2014–15: Loan to Weston-super-Mare
On 8 December 2014, Watkins and Exeter City teammate Matt Jay joined Conference South club Weston-super-Mare on one-month loan deals. Through repeated extensions of the loan, Watkins would remain with the Seagulls until the end of the 2014–15 season. He featured regularly for the team, scoring 10 goals in 25 appearances before returning to St James Park at the end of the season.

2015–17: Breakthrough
After failing to be named in a first-team squad during the opening two months of the 2015–16 season, Watkins broke onto the substitutes' bench in October 2015 and made his first appearance of the season late in the month. He made his first start for Exeter City in a 2–1 Devon derby victory over Plymouth Argyle on 6 December and scored his first goal of the season with the Grecians' second in a 2–0 FA Cup second round victory over Port Vale in the following match. By March 2016, Watkins had broken into the starting lineup. He had a fantastic month in March, scoring four goals in six appearances to win the Football League Young Player of the Month and PFA Fans' Player of the Month awards. His goalscoring run extended into mid-April and finished with 8 goals in 10 appearances. Two of the goals came in the return Devon derby with Plymouth Argyle, in which his late brace sealed a 2–1 comeback victory and the second goal was subsequently voted as the club's Goal of the Season. Watkins finished the 2015–16 season with 10 goals in 22 appearances.

Watkins' performances in the final two months of the 2015–16 season saw him enter 2016–17 as an established member of the first-team squad. He had an eventful season, making 52 appearances, scoring six goals and contributing 13 assists, though the campaign ended on a sour note with the Grecians' 2–1 defeat to Blackpool in the 2017 League Two play-off final at Wembley Stadium. Watkins scored the first hat-trick of his career in a 4–1 win over Newport County on 31 December 2016 and his two goals and five assists in January 2017 saw him win the League Two Player of the Month award. On 9 April he was award the EFL Young Player of the Year award for his performances during the season.

Brentford
On 18 July 2017, Watkins joined Championship club Brentford on a four-year contract, with an option for a further year, for an undisclosed fee, reported to be £1.8 million. He scored his first competitive goal for the club in their 3–1 EFL Cup first round extra time victory over AFC Wimbledon on 8 August 2017.
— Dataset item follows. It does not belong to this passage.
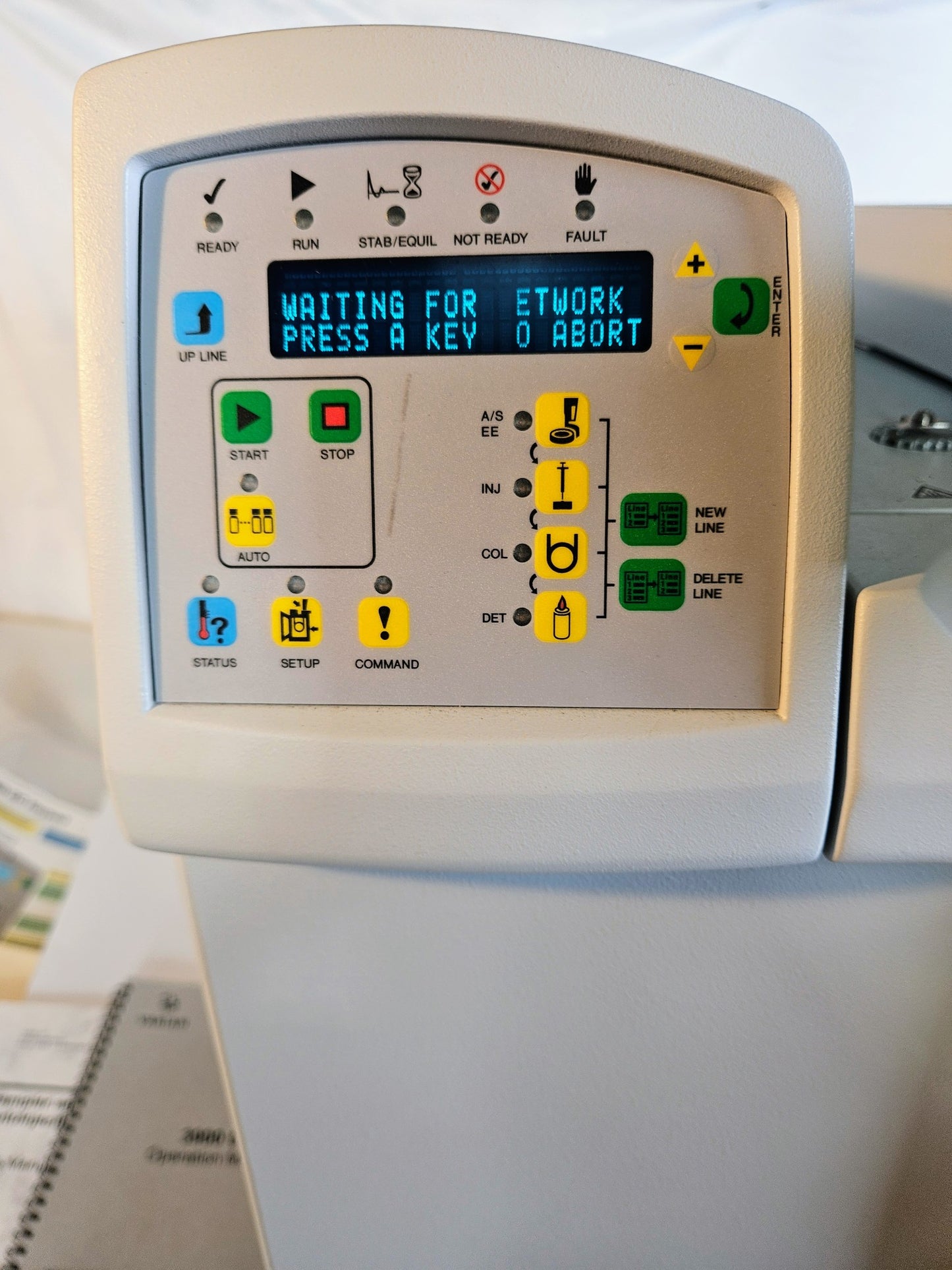 VARIAN 390 GAS CHROMATOGRAPH & 8410 AUTO INJECTOR BONUS 2 CLEAN FILTERS FREESHIP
On 9 August 2019 Watkins signed a new four-year contract with a one-year extension option. 

Watkins scored his first hat-trick for the club in the Championship against Barnsley in a 3–1 win on 29 September 2019. Watkins made 50 appearances and scored 26 goals in all competitions during the 2019–20 season, which ended with defeat in the 2020 Championship play-off final.

Aston Villa
On 9 September 2020, Watkins joined Premier League team Aston Villa on a five-year contract, for a then club-record £28 million fee, which could rise to £33 million. In joining Aston Villa, Watkins was reunited with manager Dean Smith who had originally signed him for Brentford. On 15 September 2020, Watkins made his Aston Villa debut, scoring in a 3–1 away win in the EFL Cup against Burton Albion. He went on to make his Premier League debut on 21 September 2020, in a 1–0 home win against Sheffield United.

On 4 October 2020, Watkins scored his first Premier League goals, scoring through a left footed strike, a right footed strike and a header for a perfect hat-trick in a 7–2 home victory over champions Liverpool. It was Liverpool's heaviest defeat in 57 years and was the first time in Premier League history that a reigning champion had conceded 7 goals in a single match. On 10 April 2021, Watkins scored against Liverpool again, becoming the first player since Andrey Arshavin in the 2008–09 season to score as many as four goals against Liverpool in a single Premier League season. With 14 goals, he became Aston Villa's top scorer of the 2020–21 season.

International career
On 18 March 2021, Watkins was named in Gareth Southgate's England squad for 2022 FIFA World Cup qualification matches against San Marino, Albania and Poland. On 25 March 2021, Watkins made his England debut as a second-half substitute in a 5–0 victory over San Marino at Wembley. He subsequently scored his first England goal with his first shot on target in an England shirt.

Watkins was named in the provisional England squad for UEFA Euro 2020 in May 2021. However, he was not selected in the final 26-man squad for the tournament.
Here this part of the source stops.